BARISAN.CO – Berasa “klik”. Betapa tidak. Tahun 2005, persisnya 10 Juli 2005, saya melamar Rahma, dan menghadiahinya buku Al-Hikam: Rampai Hikmah Syekh Ibn ‘Atha’illah, penerbit Serambi, Jakarta. Terus terang, waktu itu saya tidak begitu paham buku tersebut, termasuk siapa Syekh Ibn ‘Atha’illah. Hanya, manakala baca beberapa untaian kalimat sang syekh, yang belakangan baru saya ketahui sebagai guru sufi ketiga tarekat Syadziliyyah, teramat memikat. Untaian pendek tapi dalam, dan menyentuh rasa, mengetuk jiwa.
Singkatnya, saya dan istri berminat banget dengan kalimat-kalimat ringkas Syekh yang lahir di Alexandria, Mesir, pada pertengahan abad ke-13 itu. Apalagi banyak kalangan menyebut, al-Hikam merupakan kitab kelas berat, sehingga makin tambah rasa penasaran kami. Makin dan terus membuncah keinginan menyuntukinya. Walau memang, saya tak kunjung paham, dan akhirnya putus asa untuk meneruskan bacaan.
Rahma, istri saya, sampai berharap-harap ada komunitas atau halaqah pengajian khusus al-Hikam, sehingga bisa bergabung, tapi belum juga ketemu. Ada, memang, suatu ketika, sekitar tahun 2007-an, (almarhum) Prof. Amin Syukur, guru besar UIN Walisongo, mengunggah pengumuman kajian hikam yang diampunya. Namun, waktu belum bersahabat di pundak kami.

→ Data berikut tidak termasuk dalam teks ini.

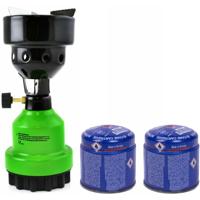 Camping kookstel/kookpit - metaal - groen - incl. 2x gas navulling priktank - Koken - Campinggas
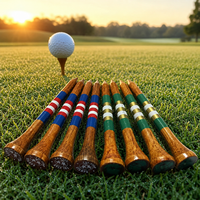 Tees de golf en bois et bambou QJ avec impression de logo personnalisé, accessoires de golf durables pour le parcours et la piste de driving, MOQ 10000 pièces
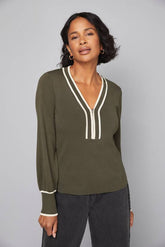Zip Front Tipped Knitted Top
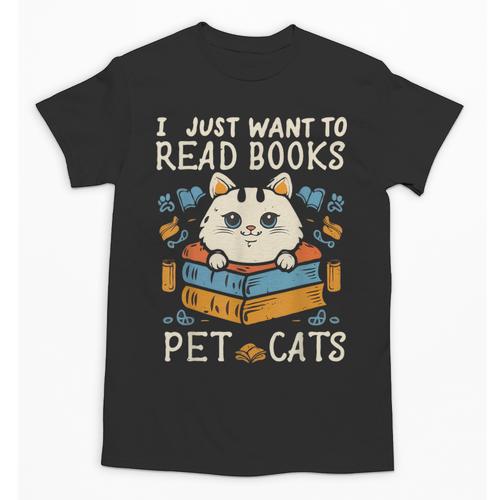 I Just Want To Read Books And Pet Cats Introvert Unisex T-Shirt - Raresse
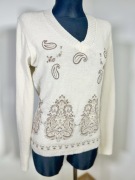 Sweter vintage Y2K paisley beżowy V neck L retro 90s 00s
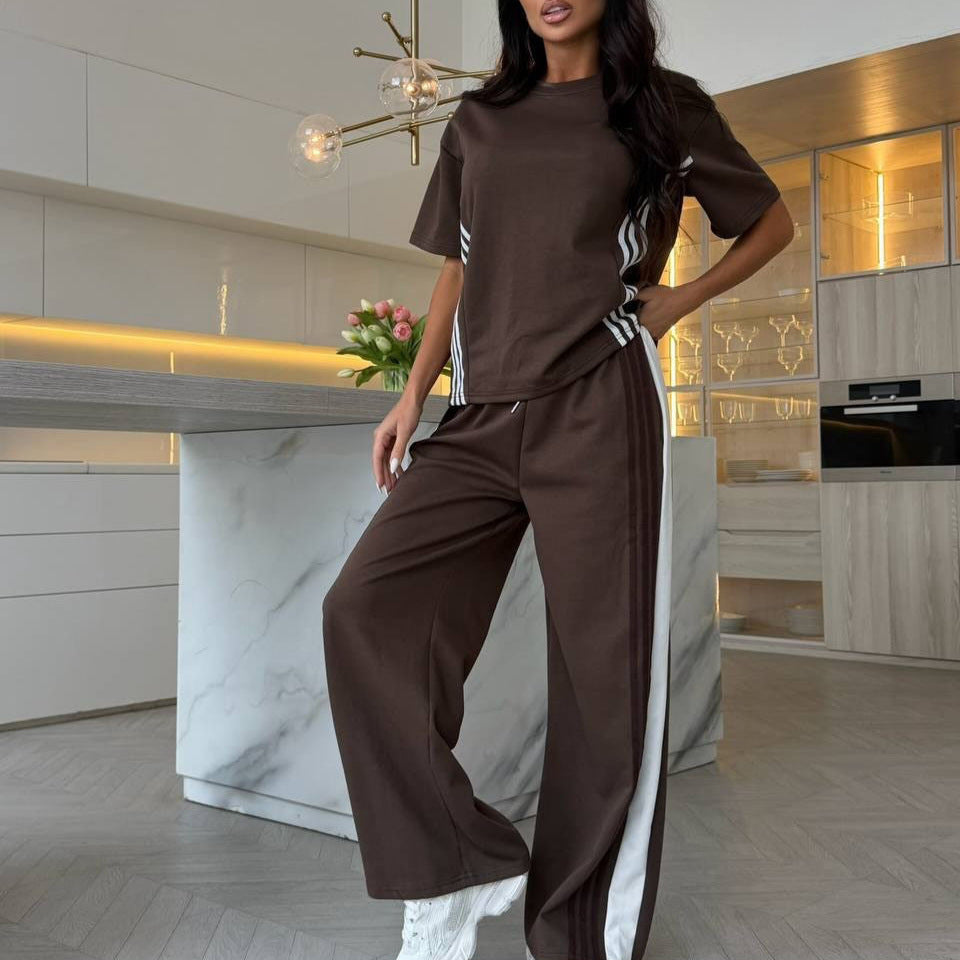 Color-block Side-striped Sports T-shirt And Pants Set DC-Beyond Borders Collective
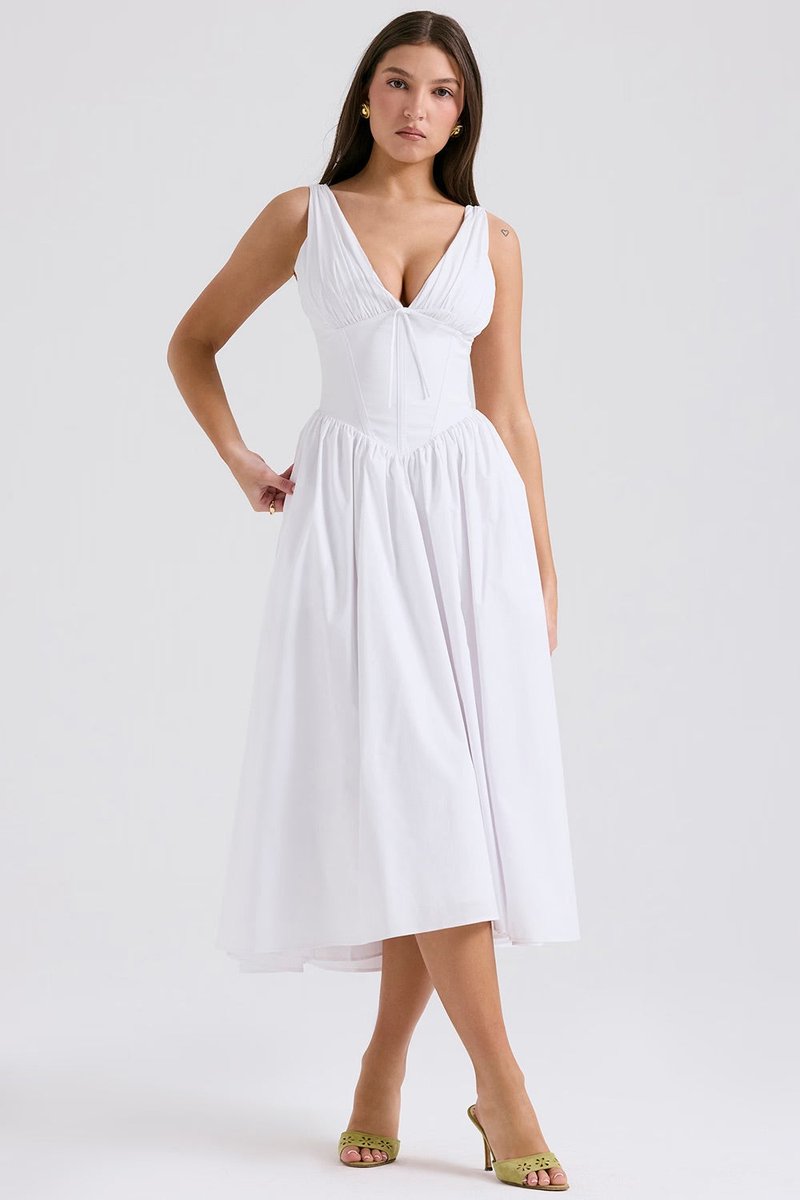 Women's Corset Midi Fall Wedding Guest Dress V-Neck Fit-and-Flare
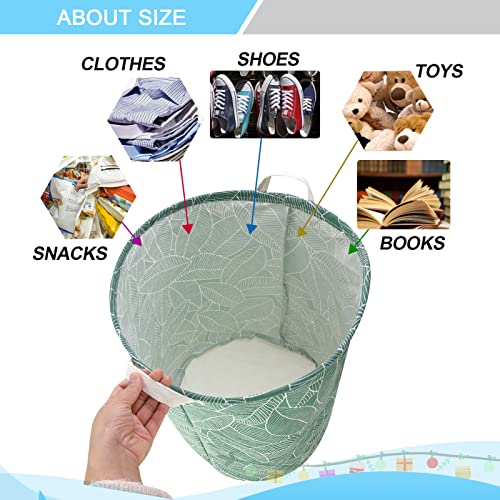 Mziart Large Foldable Laundry Basket Organizer, Collapsible Laundry Hamper Fabric Clothes Toy Storage Basket Nursery Hamper Storage Bin for Household Bedroom, Bathroom, College Dorm (Big White Leaf) - color: Big White Leaf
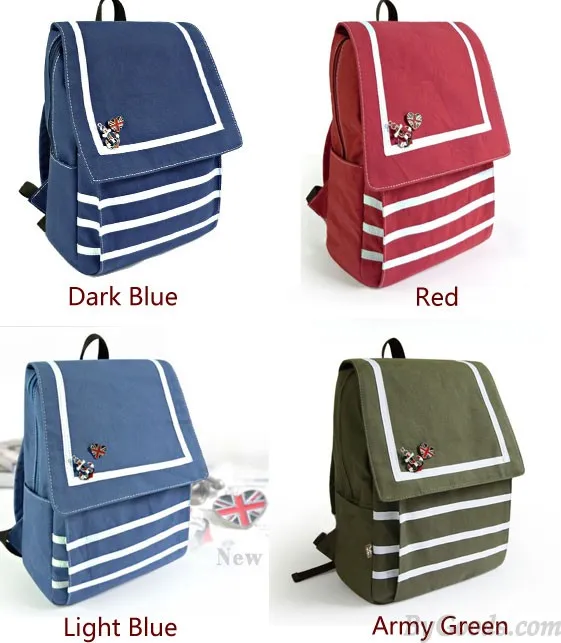 Nautical Stripe Canvas Backpacks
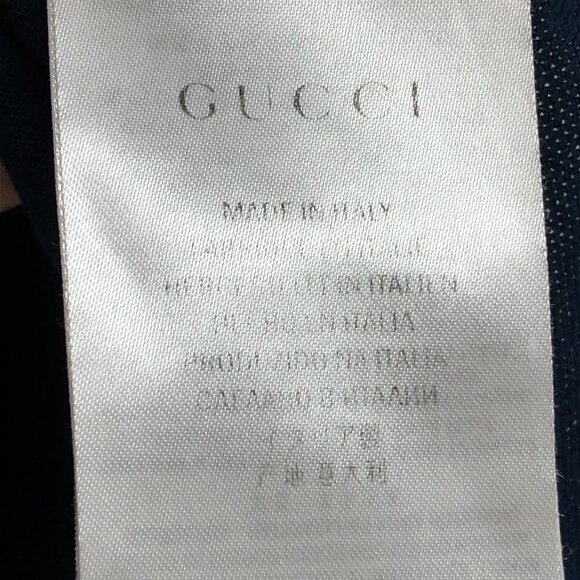 Gucci Men's Leather Collar Midnight Navy Short Sleeve Polo T- Shirt size L - Picture 6 of 16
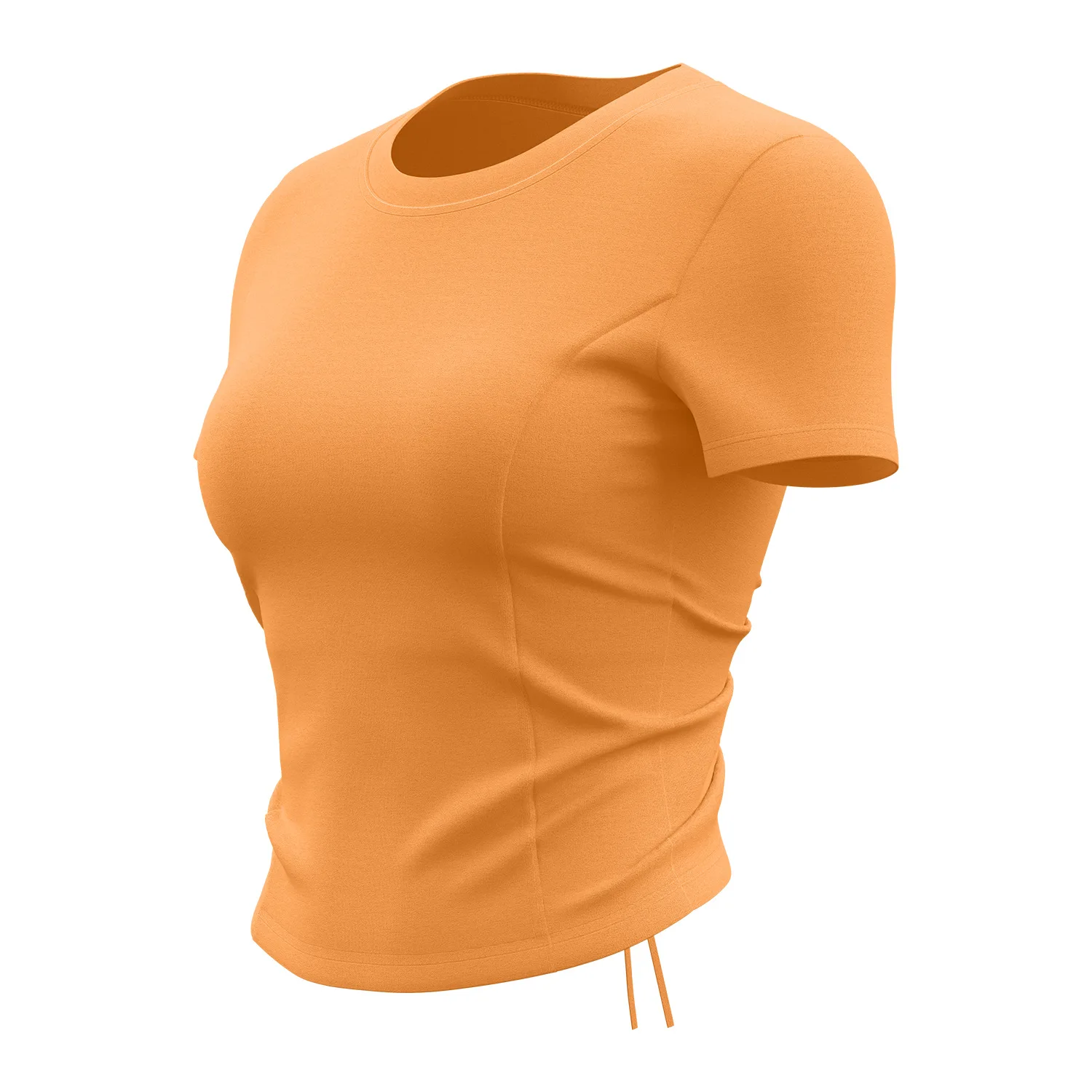 New Drawstring Beautiful Back Pleated Yoga Clothes Short-sleeved Women's One Cup with Chest Pad Fitness Sports Top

Hingga kemudian, awal tahun 2019, Gus Ulil Abshar Abdalla melahirkan karya Menjadi Manusia Rohani, sebuah upaya syarah al-Hikam, upaya mengakrabkan kedalaman pencapaian spiritual Ibn ‘Atha’illah kepada publik. Saya dan istri antusias menikmati anak rohani Gus Ulil tersebut. Hanya sayang, sang gus tidak tuntas mensyarahi matan al-Hikam, hanya 50 bait hikmah dari 263 hikmah. Namun, sekali lagi saya menikmati dan sangat terbantu untuk memasuki lorong sunyi tasawuf Ibn ‘Atha’illah.
Nah, saya katakan “klik”, di tengah perjalanan bahtera 16 tahun, yakni pada 28 Juli 2021 saya diajak seorang karib, Gunawan Budi Susanto, mendatangi halaqah di ujung utara Kota Semarang, yang ternyata sebuah zawiyah ngaji hikam. Sungguh, anugerah kesempatan tiada tara dalam hidup kami.
Ya, mimpi kami pun terkabul. Akhirnya, Tuhan menggiring kami untuk merapat dalam lingkaran suluk al-Hikam yang diasuh Gus Sholahuddin Shodaqoh. Meski, saya menapakinya tidak dari awal. Saya menyimak uraian syarah al-Hikam, hari itu pembacaan sudah masuk pada hikmah 97 hingga 101, tetapi mending, ketimbang tidak sama sekali.
Rabu berikutnya, 4 Agustus 2021, bersama istri, saya meluncur ke rumah Kang Putu, sapaan akrab Gunawan Budi Susanto, untuk berbarengan ke suluk al-Hikam. Lagi-lagi anugerah serasa beruntun mengucur. Seusai menyimak uraian hikmah 102 hingga 104, seorang teman sesama salik, yang baru saya kenal, Abdul Karim, menghadiahi kami Kitab Syarah Al-Hikam, berhuruf Arab gundul. Seolah amanat buat saya agar serius menyelami untaian hikmah maha dahsyat Syekh Ibn ‘Atha’illah As-Sakandari.
Jelas sudah, ke mana saya harus berlabuh. Setelah sekian tahun saya bertandang dari majelis ke majelis. Dari komunitas ke komunitas. Padahal usia terus merambat surut. Maka, tak bisa tidak, saya mesti berhenti pada titian yang lebih menjanjikan bekal masa depan, bekal menghadap-Nya. Saya tidak bisa terus-terusan menjadi pribadi yang kabur kanginan, tidak jelas titik pijak.
Mengutip ungkapan Syekh Ibn ‘Atha’illah, sudah saatnya kita berhenti dari mengatur segala urusan yang sudah jadi ketetapan Tuhan. Tugas kita cukuplah khusyuk selaku hamba, yakni mempertinggi kesadaran serta pengetahuan tentang kehendak-Nya. Sehingga, tepatlah sikap dan lantunan doa kita kepada-Nya.